Task: Please give the lines below again exactly as they stand, from the one that contains "It's a Bluetooth" up to and including the one that contains "Clean the panels", leaving all pictures out.

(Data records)

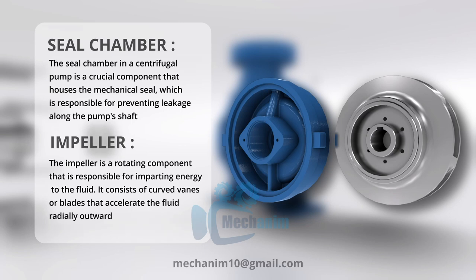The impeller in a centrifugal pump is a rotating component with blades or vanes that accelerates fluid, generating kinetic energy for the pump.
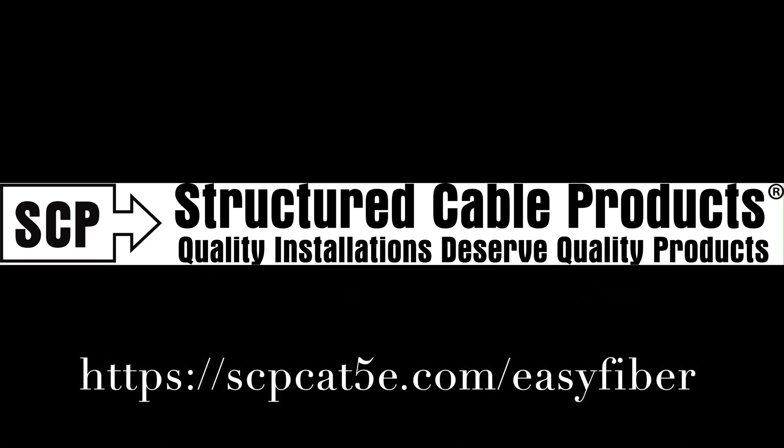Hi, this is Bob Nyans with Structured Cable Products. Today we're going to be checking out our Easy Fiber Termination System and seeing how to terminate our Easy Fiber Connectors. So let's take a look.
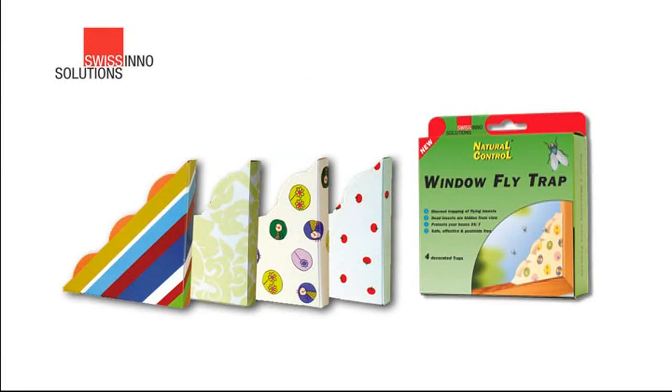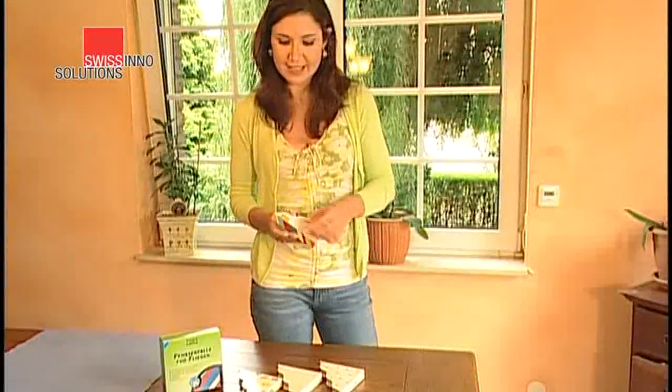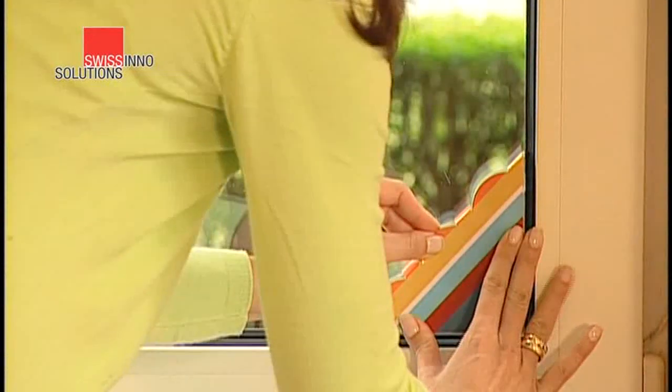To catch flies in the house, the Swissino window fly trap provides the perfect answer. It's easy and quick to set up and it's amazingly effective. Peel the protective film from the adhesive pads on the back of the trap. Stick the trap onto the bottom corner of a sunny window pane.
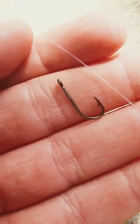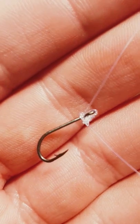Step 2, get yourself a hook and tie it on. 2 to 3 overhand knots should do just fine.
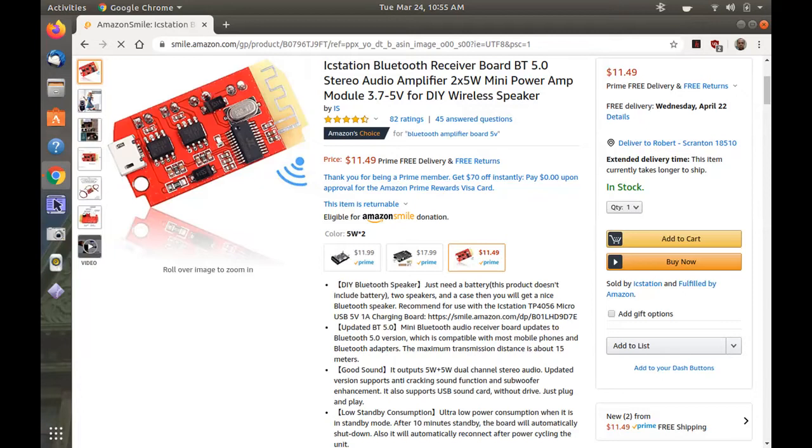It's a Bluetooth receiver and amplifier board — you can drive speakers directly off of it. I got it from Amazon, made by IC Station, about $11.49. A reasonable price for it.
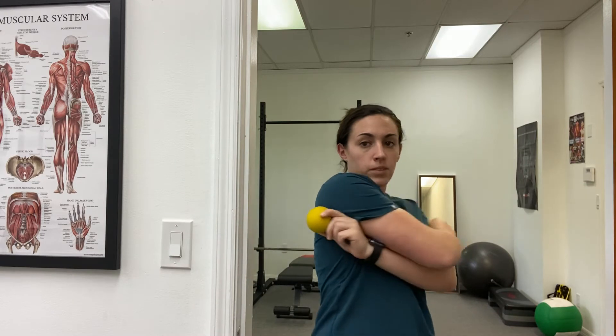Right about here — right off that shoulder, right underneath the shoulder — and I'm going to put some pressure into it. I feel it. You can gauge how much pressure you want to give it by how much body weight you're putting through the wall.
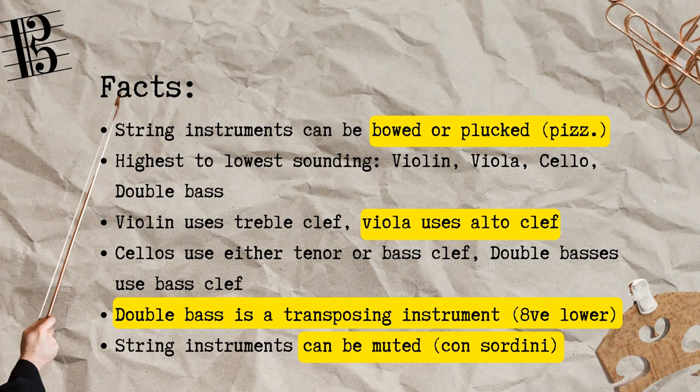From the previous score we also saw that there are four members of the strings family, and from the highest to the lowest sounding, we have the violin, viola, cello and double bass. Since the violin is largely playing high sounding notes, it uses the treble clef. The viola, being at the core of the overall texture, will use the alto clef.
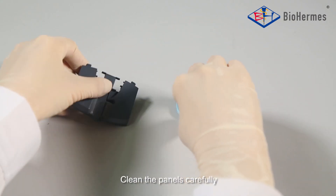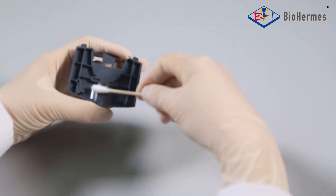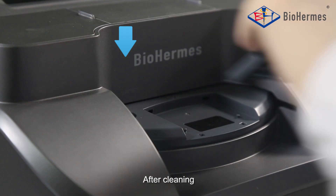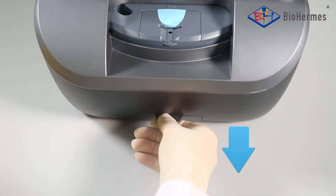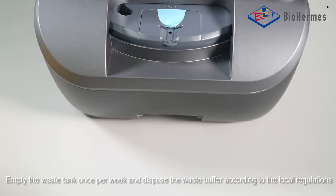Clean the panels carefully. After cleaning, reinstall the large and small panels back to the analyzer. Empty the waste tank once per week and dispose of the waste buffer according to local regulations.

==

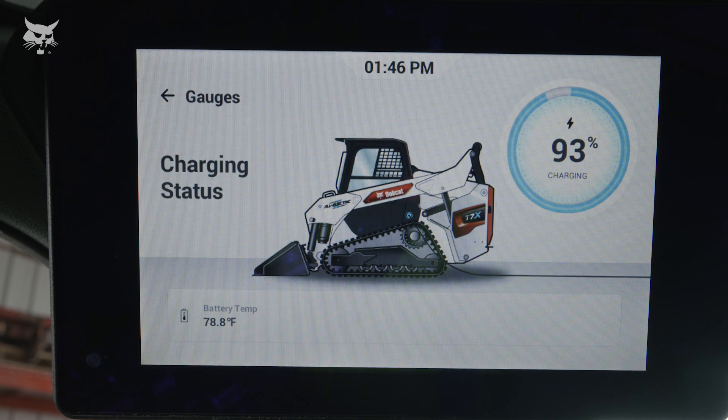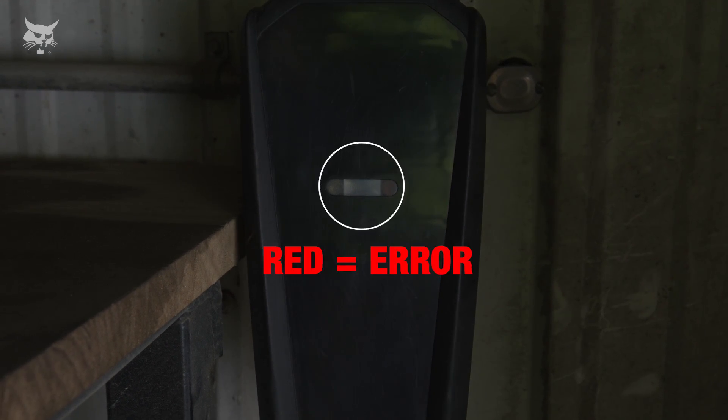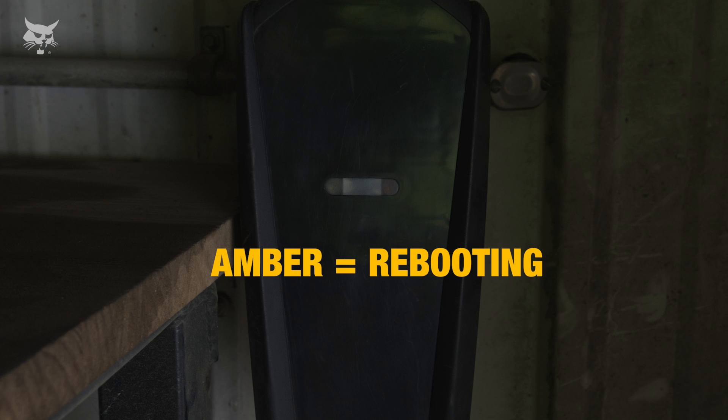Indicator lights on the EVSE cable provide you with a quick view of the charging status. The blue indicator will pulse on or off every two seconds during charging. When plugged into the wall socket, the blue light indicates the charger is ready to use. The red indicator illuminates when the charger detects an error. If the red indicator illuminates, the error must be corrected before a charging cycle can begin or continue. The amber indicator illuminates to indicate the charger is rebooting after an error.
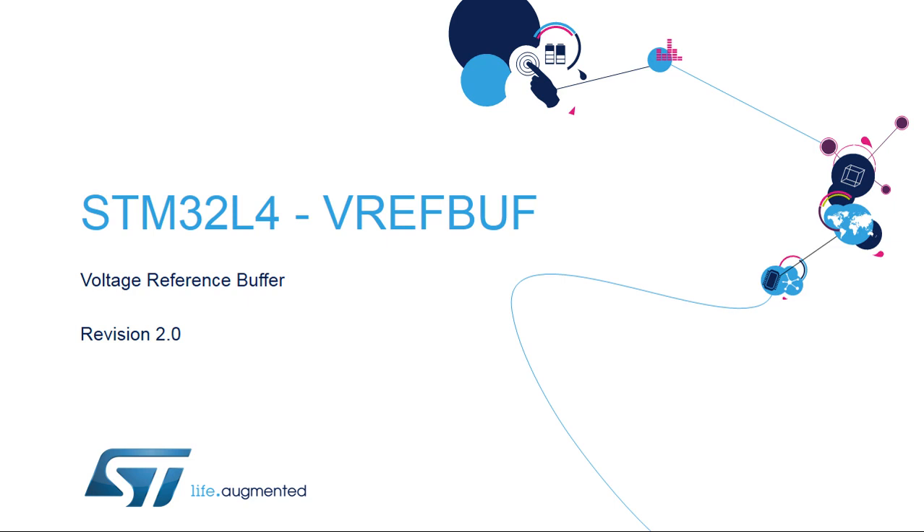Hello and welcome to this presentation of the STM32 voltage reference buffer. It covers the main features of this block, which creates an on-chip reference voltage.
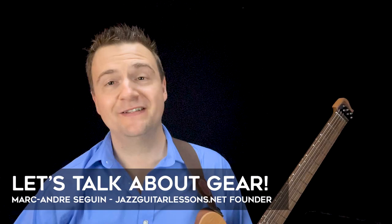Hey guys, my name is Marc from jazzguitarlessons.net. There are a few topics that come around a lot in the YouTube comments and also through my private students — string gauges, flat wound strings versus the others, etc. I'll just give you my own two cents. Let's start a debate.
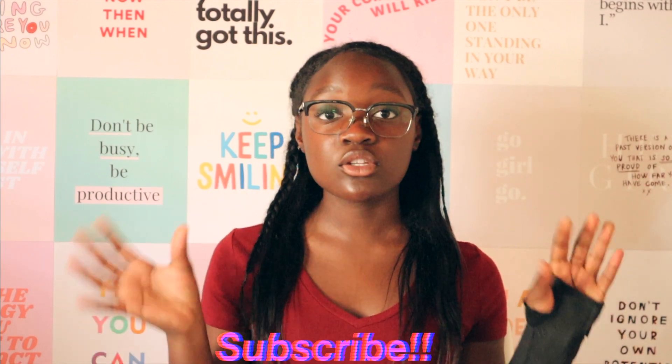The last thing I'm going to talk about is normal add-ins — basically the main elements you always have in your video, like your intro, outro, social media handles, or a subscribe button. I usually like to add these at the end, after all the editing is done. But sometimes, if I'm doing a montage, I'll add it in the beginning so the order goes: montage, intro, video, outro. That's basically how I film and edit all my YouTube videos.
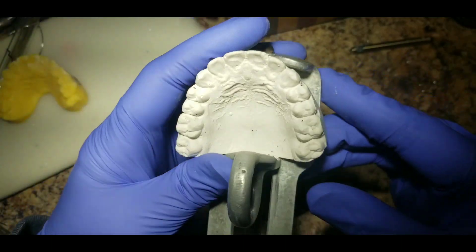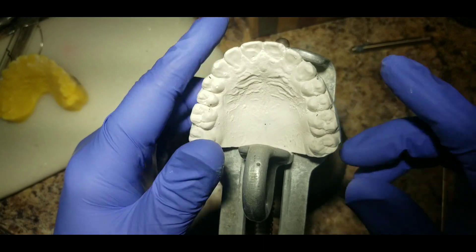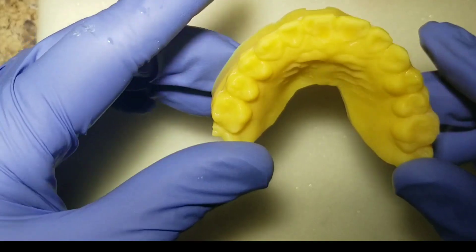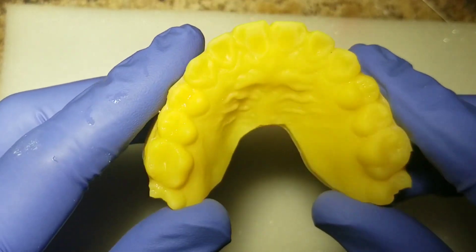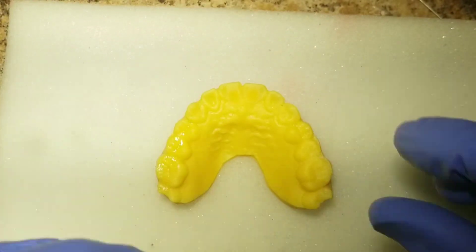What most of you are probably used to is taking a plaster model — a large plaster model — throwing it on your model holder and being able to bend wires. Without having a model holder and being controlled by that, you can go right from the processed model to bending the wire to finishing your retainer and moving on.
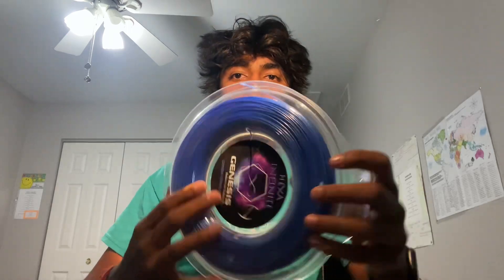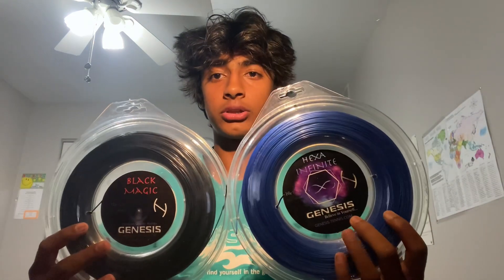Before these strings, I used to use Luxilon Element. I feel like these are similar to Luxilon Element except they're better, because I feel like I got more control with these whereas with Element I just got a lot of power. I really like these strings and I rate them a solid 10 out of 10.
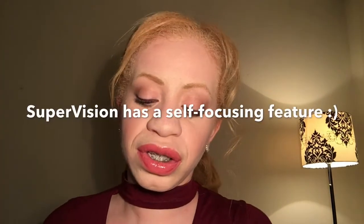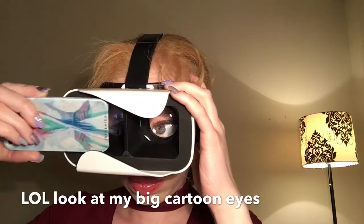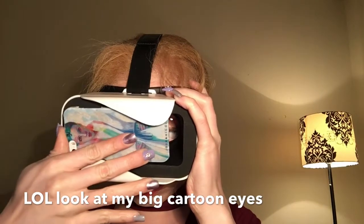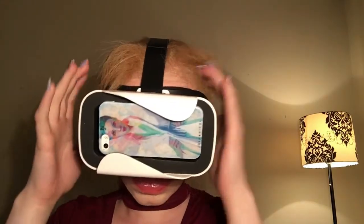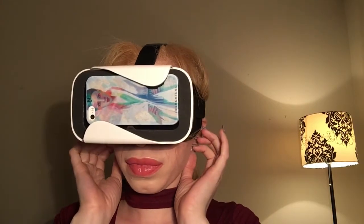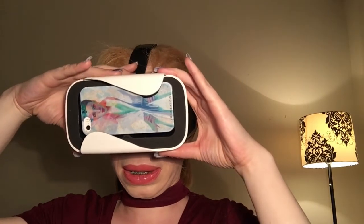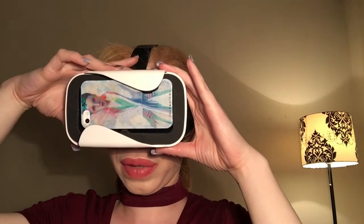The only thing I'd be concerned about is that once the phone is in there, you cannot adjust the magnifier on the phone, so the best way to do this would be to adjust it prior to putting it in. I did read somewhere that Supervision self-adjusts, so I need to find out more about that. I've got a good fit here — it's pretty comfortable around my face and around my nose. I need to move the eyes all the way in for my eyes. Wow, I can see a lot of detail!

Result of the task:
It's a Bluetooth receiver and amplifier board — you can drive speakers directly off of it. I got it from Amazon, made by IC Station, about $11.49. A reasonable price for it.
Right about here — right off that shoulder, right underneath the shoulder — and I'm going to put some pressure into it. I feel it. You can gauge how much pressure you want to give it by how much body weight you're putting through the wall.
From the previous score we also saw that there are four members of the strings family, and from the highest to the lowest sounding, we have the violin, viola, cello and double bass. Since the violin is largely playing high sounding notes, it uses the treble clef. The viola, being at the core of the overall texture, will use the alto clef.
Clean the panels carefully. After cleaning, reinstall the large and small panels back to the analyzer. Empty the waste tank once per week and dispose of the waste buffer according to local regulations.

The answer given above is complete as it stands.